I write after having anointed Mad Trevor again only to have him storming out of the church once more cursing me and the whole Church. So a lot of good that did. We got off on the wrong foot when he turned up, to be given prayer-for-healing-with-anointing, demanding I sprinkle him with water as well to break a curse. I refused because that wasn't what we agreed to do and the rite of anointing doesn't include sprinkling with water. It would be easier to give him whatever he wants, but pastorally wrong. So he went around the church shouting to God to take the curse off him and put it on me before 'blessing' the font and using the water in that. After the rite of anointing, I gently raised the possibility that his 'voices' are his own thoughts amplified by his illness and that, while they may go away eventually, the thoughts never will and he would be happier not expecting God to do this. Could I perhaps speak to his doctor and organise a case conference for him? 'No, I don't want you talking to my doctor, the doctors are ignorant and evil, science is lies. I am not ill.' He asked for a key to the church so he could come in and pray when he liked and I refused. 'This church is shutting me away from God, you and all the wicked servants will be punished by God, I can't believe you've treated me so badly since I've been here.' I didn't raise the hours I've spent trying to talk through his problems, including the time I helped him fill out entries for internet dating sites that he then abandoned two days later; the £200 I gave him from my own pocket to buy a new cooker he then spent on a keyboard; the urgent appointment last week I arranged for him with the CAB to talk through his debts which he never turned up to 'because I was too busy'. Sorry; I'm just venting.
Mad Trevor now has a friend, Mad Terry, who is superficially more sensible but is perhaps an even bigger fantasist. He wants me to exorcise Trevor as well. Both of them are quite talented musicians in their own way and have an idea about breaking into the music business and Mad Terry quotes various people he says he knows and has worked with. It all sounds nearly plausible, and on the thinking that God's hand might be somewhere in it, I even had a small commissioning service for their venture before Christmas, and persuaded some congregation members to join in. But then Terry talks about marrying Tamara Ecclestone ('I'm meeting her tomorrow') and you think; hang on, 27-year old millionaire heiress and model; balding, overweight, unemployed early-50s musician with mental issues? Does this compute? Do you actually look in the mirror when you shave? 'Fantasist' is a kind non-Christian way of characterising his thinking; an unkinder word might be 'liar'. The truth is that when Terry tells you something is happening, for instance that he has a music contract or is meeting Paul Weller or test-driving a £20,000 car on the basis of the advance he's getting from the publisher, none of this is actually happening in the ordinary sense: he thinks God has told him it will happen, and so he talks about it as though it was going to.
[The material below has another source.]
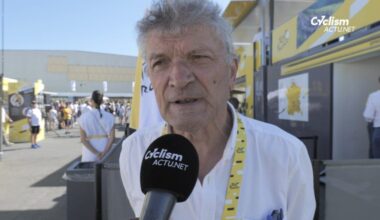 TDF. Tour de France - Bernard Thévenet : «Moi ? Je crois en Jonas Vingegaard...»
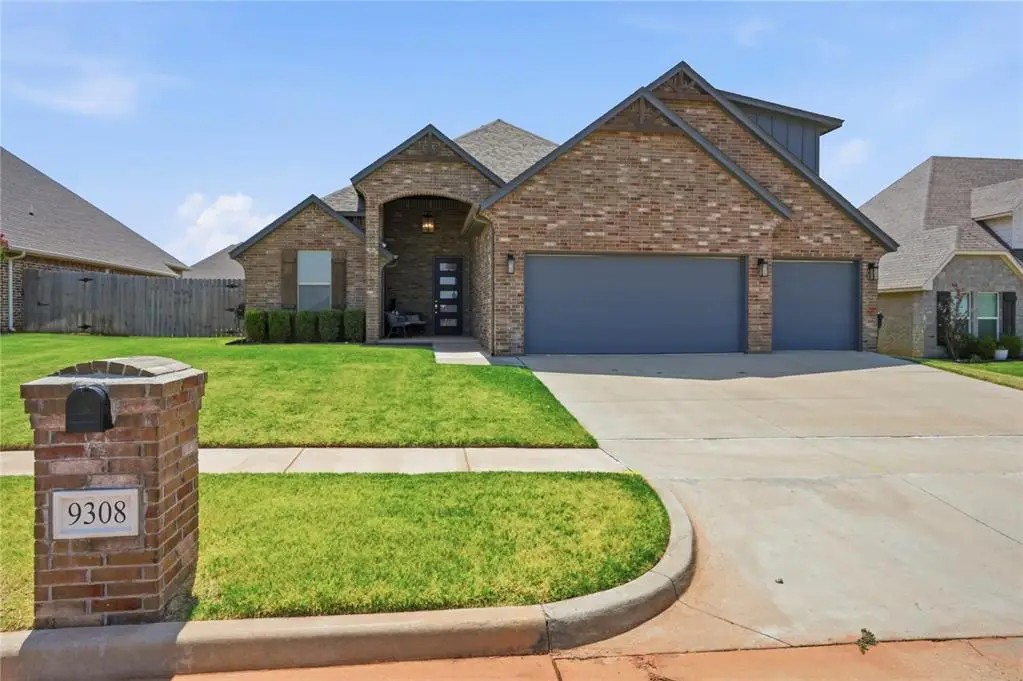 9308 SW 40th Street, Oklahoma City, OK 73179 - #1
'Why do you think this affects you so much?' asks my S.D. I suppose because it presses all my most uncomfortable buttons about what I believe concerning God, truth and reality. 'You don't realise that most people don't think about things philosophically', he warned me. 'You try to fit everything into some sort of rational structure. Most people just have a few phrases and ideas that they don't examine or think about, they're just enough to help them cope'. This is perhaps the key to being a bit more forgiving and relaxed about Mad Trevor and Terry, and to stop trying to incorporate them into my own world-view. They're two lonely, unfulfilled middle-aged men with a lot of problems wrapping themselves in fantasy to cope with the fact that their lives are crap. Sad really, rather than threatening.
I think that your last para is very strong. I don't think that Terry is a liar - a liar knows the truth, whereas I suspect that when he says it, Terry believes it to be true. He is, as you say, a fantasist.
ReplyDeleteWhat a pleasure, to have discovered your blog via Charles at the GFG. I hope you don't mind a comment. Like TL above, Your final para rang for me, and another thought: have you seen the Mike Leigh film "Another Year?" What your SD said about managing life via a few phrases and ideas, rather than fitting into a rational structure, and the whole business of trying (or not) to fit other people's fantasies into one's own rational structures, just brought that film to mind.